[DATA BELOW]
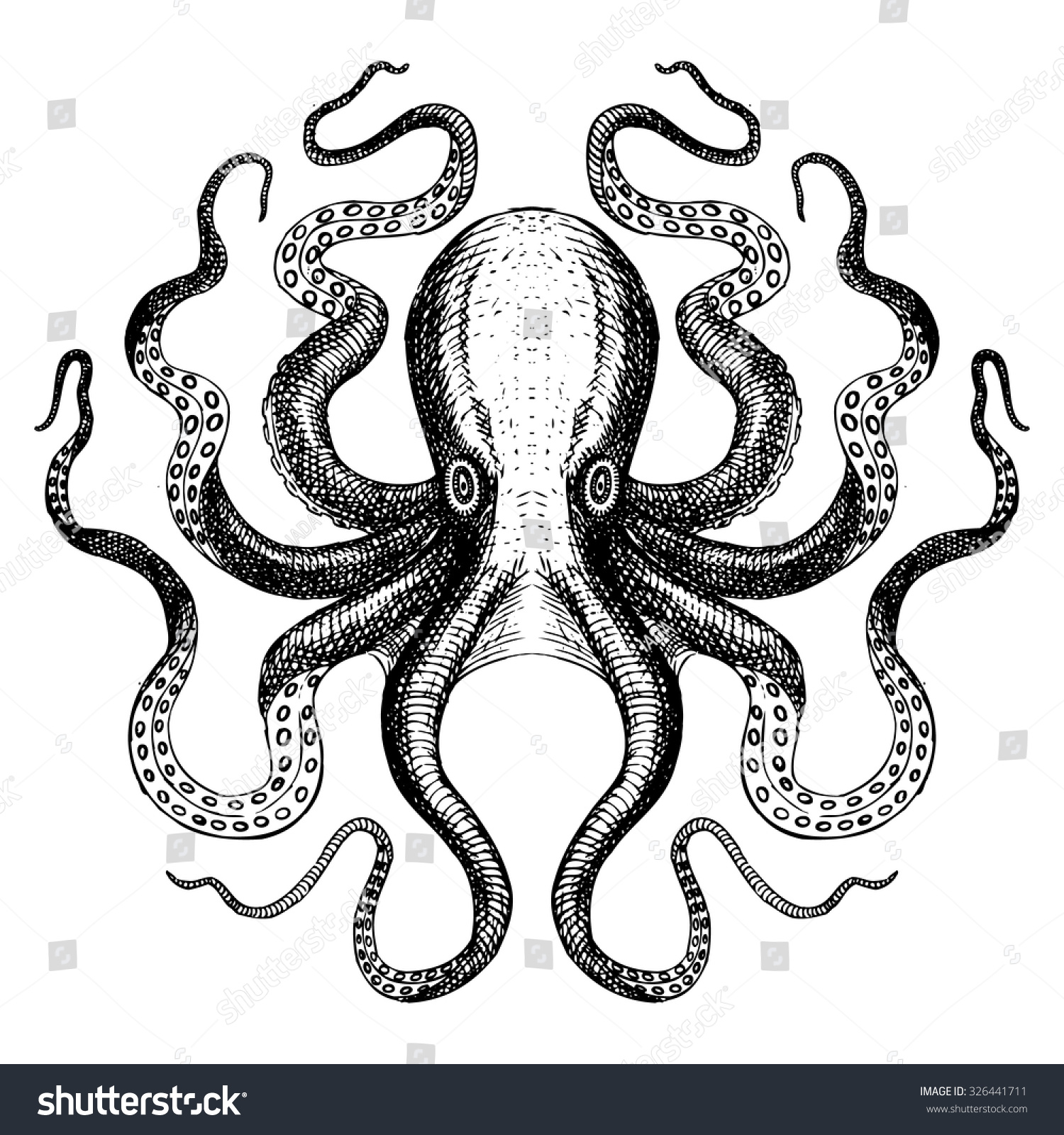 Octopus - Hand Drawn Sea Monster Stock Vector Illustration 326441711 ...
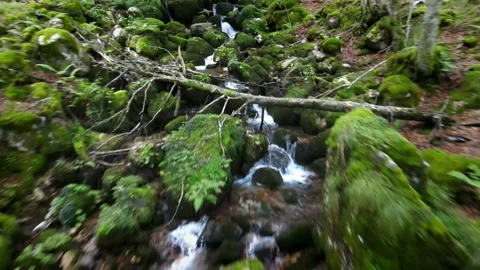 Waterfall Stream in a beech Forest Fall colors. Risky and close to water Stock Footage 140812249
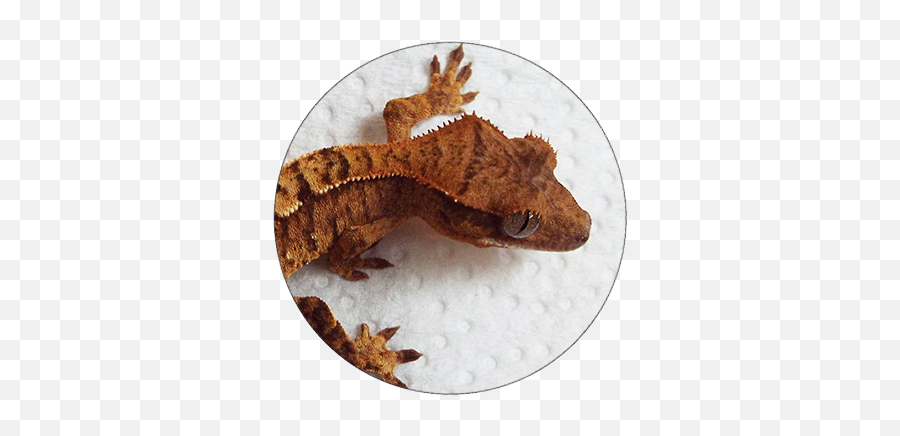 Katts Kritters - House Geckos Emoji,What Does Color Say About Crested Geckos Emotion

[WHAT YOU NEED TO DO]
Type out the data above once more, exactly, with no images included.

[OUTPUT OF THE TASK]
 Octopus - Hand Drawn Sea Monster Stock Vector Illustration 326441711 ...
 Waterfall Stream in a beech Forest Fall colors. Risky and close to water Stock Footage 140812249
 Katts Kritters - House Geckos Emoji,What Does Color Say About Crested Geckos Emotion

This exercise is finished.